YesNoChisquared statistics
rs1917810 GenotypeA/A34 (34.7)64 (65.3)χ2 (2, N=266) = 5.98 p=0.050
A/G66 (50.4)65 (49.6)
G/G18 (48.7)19 (51.3)
rs1917810 allelesAllele A134 (41)193 (59)χ2 (1, N=532) = 3.93 p=0.047
Allele G102 (49.8)103 (50.2)
rs7094248 GenotypesC/C40 (43.0)53 (57.0)χ2 (2, N=266) = 0.523 p=0.769
C/G60 (46.5)69 (53.5)
G/G18 (40.9)26 (59.1)
rs7094248 allelesAllele C140 (44.4)175 (55.6)χ2 (1, N=532) = 0.002 p=0.963
Allele G96 (44.2)121 (55.8)

DISCUSSION

This study examined the association of rs1917810 and rs7094248 SNPs in the ChAT gene with WS dependence, in a sample of exclusive waterpipe smokers. The results showed an association between rs1917810 SNP and WS dependence and quitting. Results of previous studies on cigarette smoking have identified different genetic variants among genes incorporated with several neuronal pathways associated with smoking behavior phenotypes, including initiation, dependence, and cessation2427. Nicotine is associated with tobacco dependence by affecting the release of different neurotransmitters including acetylcholine and dopamine in the central reward pathway of the brain23,25. Choline acetyltransferase enzyme is an important player in cholinergic neurons32 and nicotine modulates its expression and activity23. The ChAT gene was suggested as a biologically plausible candidate to be associated with smoking dependence and smoking behavior.

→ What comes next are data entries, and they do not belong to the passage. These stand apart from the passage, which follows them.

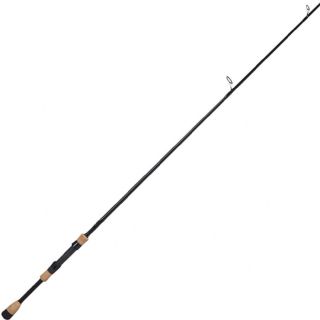 best carp rods 2021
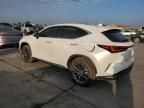 2024 Lexus NX 350H Base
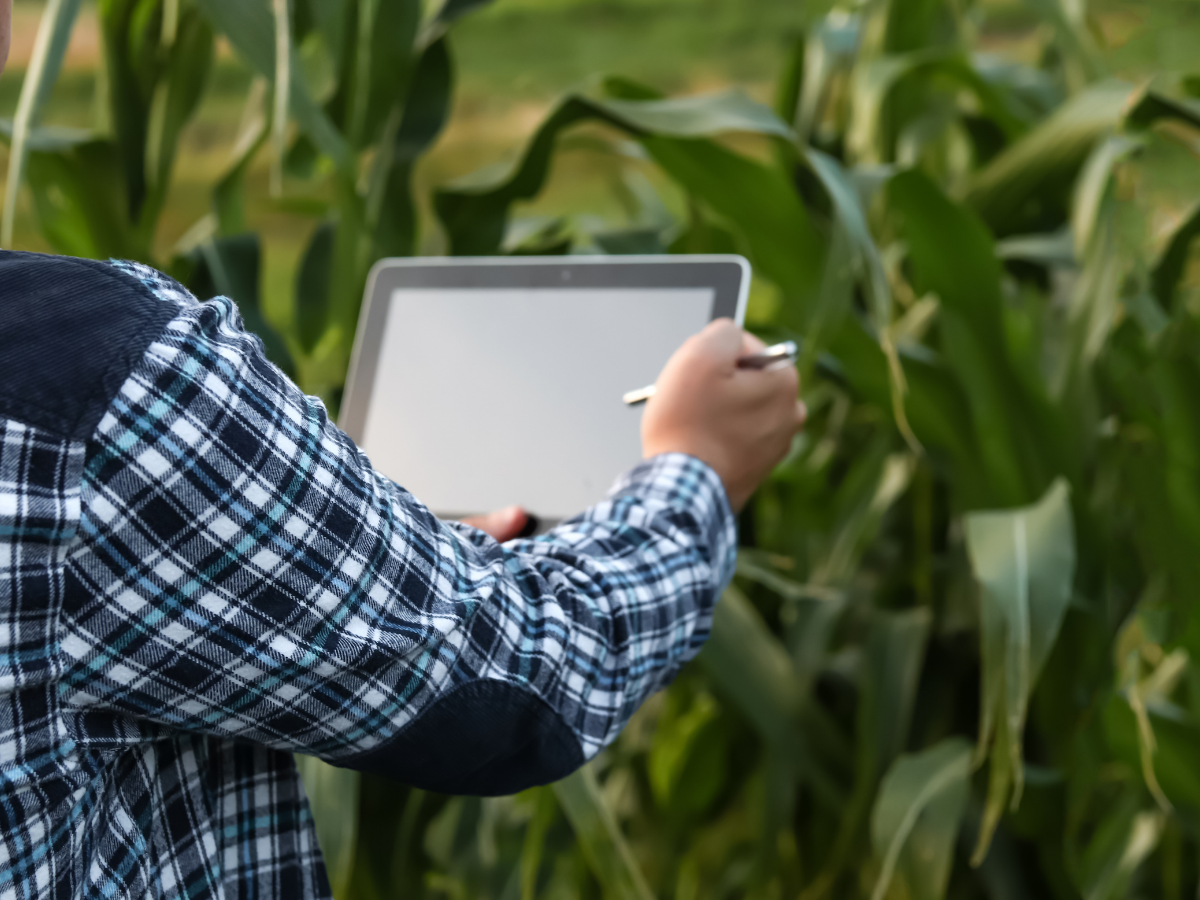 FieldFusion Developer | API for Connected Farm Workflows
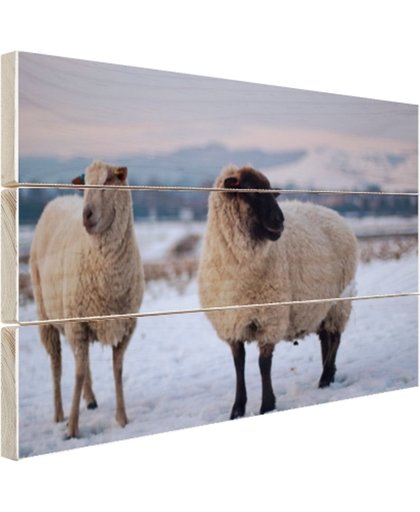 FotoCadeau.nl - Twee schapen ​​in de sneeuw Hout 30x20 cm - Foto print op Hout (Wanddecoratie)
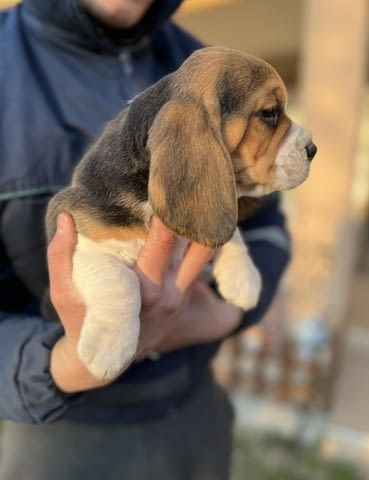 Женско Бигъл кученце Beagle, Vaccinated - Yes, Dewormed - Yes - city of Izvun Bulgaria | Dogs - снимка 2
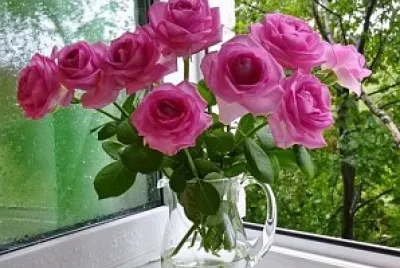 flores
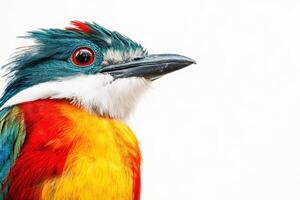 a colorful bird with bright red, blue and yellow feathers photo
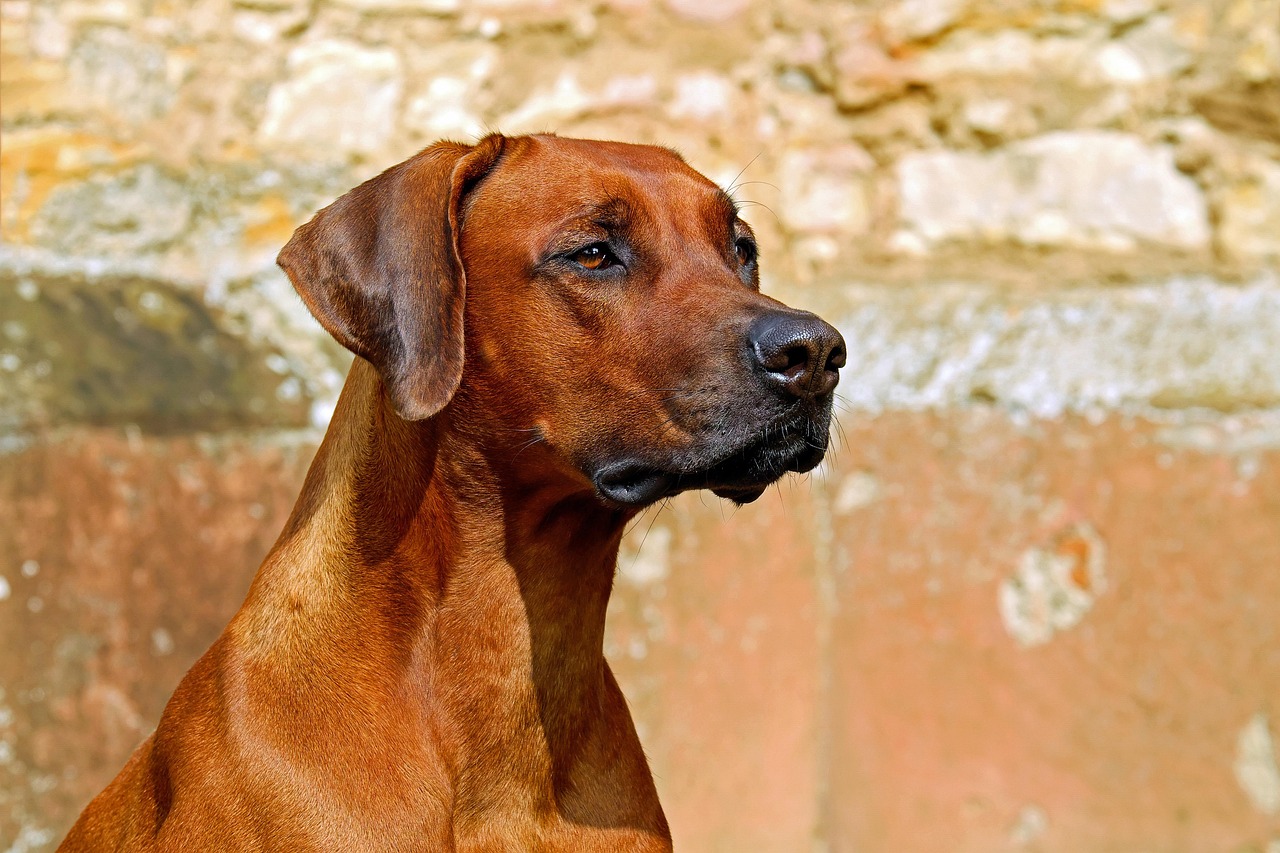 九州で犬と一緒に楽しめる観光スポットは？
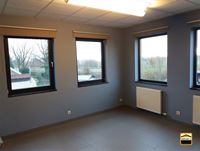 handelspand - TONGEREN-BORGLOON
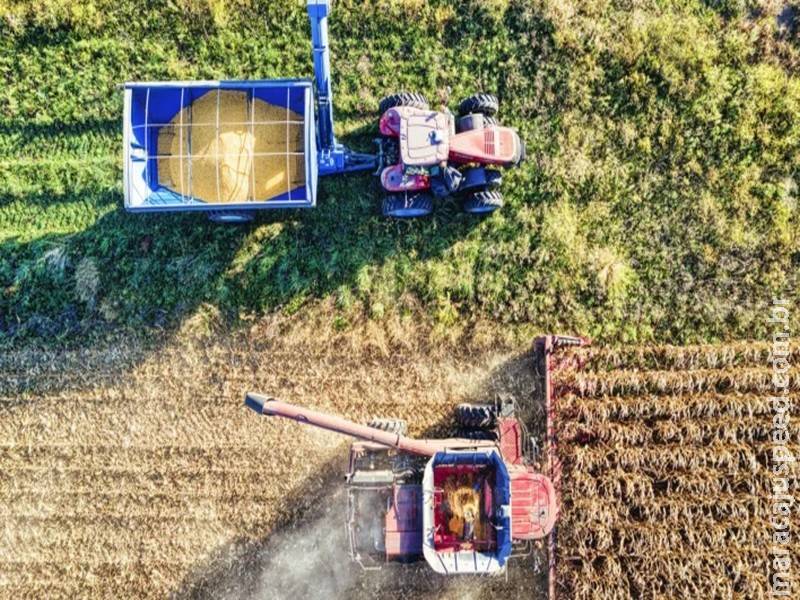 Renegociação de dívidas rurais soma R$ 7,5 bilhões e indica reequilíbrio no agro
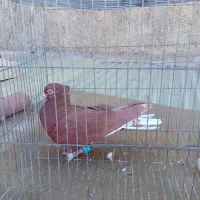 کبوتر سرخ دم سفید|پرنده|الوند, |دیوار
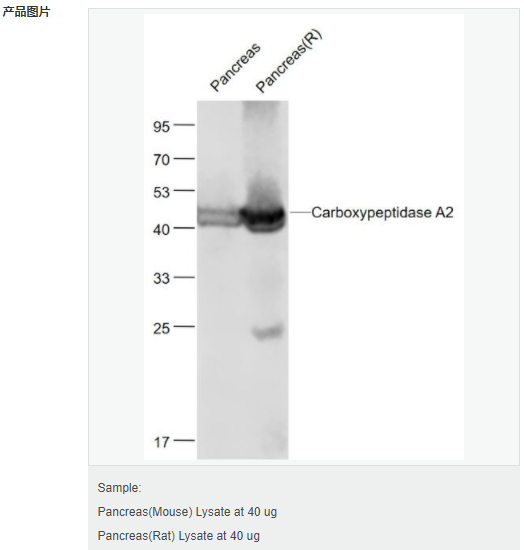 6059474908cdd.png image.png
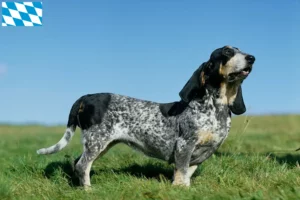 Mehr über den Artikel erfahren Basset bleu de Gascogne Züchter und Welpen in Bayern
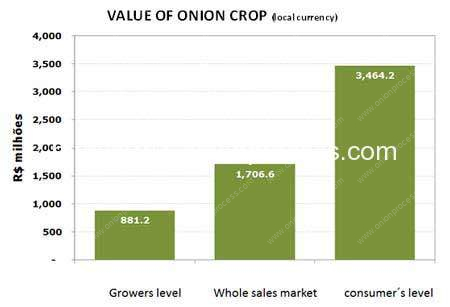 onion-value-in-brasil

The results of the current study showed a statistically significant association between the rs1917810 SNP and WS dependence, as measured using LWDS-10J. In addition, the rs1917810 SNP was associated with quitting. This is consistent with the study of Ray et al.19 that reported evidence of a convergent association between ChAT rs1917810 SNP and both smoking cessation and nicotine dependence. The present findings suggest that a significant genotypic difference exists at the three levels of addiction: heavy, moderate, and mild. The minor allele G being expressed more highly than the A allele in mild smokers, presenting a lower addiction level than that found with A allele. This result supports the notion that genetic variation in the ChAT gene contributes to the level of WS dependence and quitting. However, a previous study23 reported no significant association between nicotine dependence and rs1917810 SNP. With respect to rs7094248, the results showed a lack of association between this SNP and WS dependence. This is consistent with a previous study that reported that rs7094248 was not associated with smoking dependence among treatment-seeking smokers of European ancestry19.

Limitations

Among the limitations of the current study is the relatively small sample size, a result of our attempt to include individuals who smoked tobacco with a waterpipe only. Additional studies with larger sample sizes are needed, though the same challenge remains, and these studies might also require additional ChAT SNPs. Pharmacogenetic studies are also recommended to examine the impact of rs1917810 SNP on WS treatment. Moreover, determining the generalizability of the results reported here may require replication using participants across various world regions. Finally, covariates related to smoking habits or dependence, such as education, socioeconomic level and exposure to secondhand smoke etc., might affect the observed genetic association with waterpipe smoking behavior. Thus, it is recommended that such confounders are considered in future studies.

CONCLUSIONS

Individual SNP association analysis revealed that ChAT is associated with WS behavior that includes dependence and quit attempts, making ChAT a suitable target for additional research on the mechanisms underlying association with WS dependence.